Calvin the preacher
Nearly 500 people marked the 500th anniversary of Calvin’s birth when they attended the 2009 Evangelical Library lecture, at Bethesda Baptist Church in Kensington Place, London.
The lecture was given by Dr Derek Thomas, professor of systematic and practical theology at the Reformed Theological Seminary, Mississippi, who spoke on ‘The majesty of God in the preaching of John Calvin’.
Dr Thomas said that Calvin could be regarded as a theologian, controversialist, letter writer and Bible commentator, but was especially a preacher. Calvin’s regular routine involved preaching twice on Sundays and also on week nights. In the last 15 years of his life, he preached ten sermons a fortnight. During that period, 2300 sermons were taken down in shorthand, resulting in some 44 volumes of books.
Dr Thomas drew attention to four aspects of Calvin’s preaching. First was his commitment to the lectio continua method. Although Calvin would break from series preaching at Christmas and Easter, he preached through books of the Bible most of the time. This led to series of sermons on such books as Deuteronomy, Ezekiel, Acts and Ephesians.

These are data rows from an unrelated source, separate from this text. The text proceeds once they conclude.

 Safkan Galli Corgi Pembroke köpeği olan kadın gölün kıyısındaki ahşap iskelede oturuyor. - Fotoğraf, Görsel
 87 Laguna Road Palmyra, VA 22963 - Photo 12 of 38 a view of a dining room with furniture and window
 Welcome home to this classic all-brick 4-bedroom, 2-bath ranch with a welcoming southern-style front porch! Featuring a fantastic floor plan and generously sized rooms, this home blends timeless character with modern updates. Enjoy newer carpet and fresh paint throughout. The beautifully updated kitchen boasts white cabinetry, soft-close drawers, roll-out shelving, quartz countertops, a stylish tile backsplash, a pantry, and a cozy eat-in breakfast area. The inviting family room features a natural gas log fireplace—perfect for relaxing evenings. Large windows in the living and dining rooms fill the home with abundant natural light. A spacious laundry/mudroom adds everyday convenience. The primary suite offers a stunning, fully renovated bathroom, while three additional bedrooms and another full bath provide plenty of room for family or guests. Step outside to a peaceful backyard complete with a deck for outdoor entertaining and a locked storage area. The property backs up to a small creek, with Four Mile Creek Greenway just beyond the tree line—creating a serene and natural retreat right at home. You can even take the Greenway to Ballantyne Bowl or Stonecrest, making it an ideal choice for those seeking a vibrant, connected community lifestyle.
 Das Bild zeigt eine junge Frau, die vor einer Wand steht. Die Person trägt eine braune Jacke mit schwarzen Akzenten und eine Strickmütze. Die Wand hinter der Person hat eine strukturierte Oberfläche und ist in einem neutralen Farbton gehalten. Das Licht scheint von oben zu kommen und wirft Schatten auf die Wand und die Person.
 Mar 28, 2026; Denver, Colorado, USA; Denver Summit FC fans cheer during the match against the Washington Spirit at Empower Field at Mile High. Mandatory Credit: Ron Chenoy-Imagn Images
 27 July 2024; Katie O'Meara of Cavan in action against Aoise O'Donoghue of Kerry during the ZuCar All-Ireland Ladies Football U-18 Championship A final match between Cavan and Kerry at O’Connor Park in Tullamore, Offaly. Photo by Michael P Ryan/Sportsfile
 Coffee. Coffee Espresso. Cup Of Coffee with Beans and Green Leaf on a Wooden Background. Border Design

Second was Calvin’s commitment to expository preaching. He rejected medieval allegorical methods and sought to expound Scripture in its historical context.

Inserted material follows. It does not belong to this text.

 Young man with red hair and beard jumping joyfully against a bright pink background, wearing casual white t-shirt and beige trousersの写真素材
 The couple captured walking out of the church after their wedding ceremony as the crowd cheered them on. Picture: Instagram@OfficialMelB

Then there was the simplicity of his preaching. He was committed to the clarity of Scripture; he avoided technical words and often used common everyday phrases.
Derek Thomas’ final point was the God-centredness of Calvin’s preaching. For this, he explored published sermon 147 on Job, which he summarised using actual quotations to show how Calvin filled his preaching with a sense of God.
Things have changed much since Calvin’s day, but attendees were urged to be committed to expository preaching through the Bible and to believe in the efficacy of the ordinary means of grace, especially the preaching of the Word.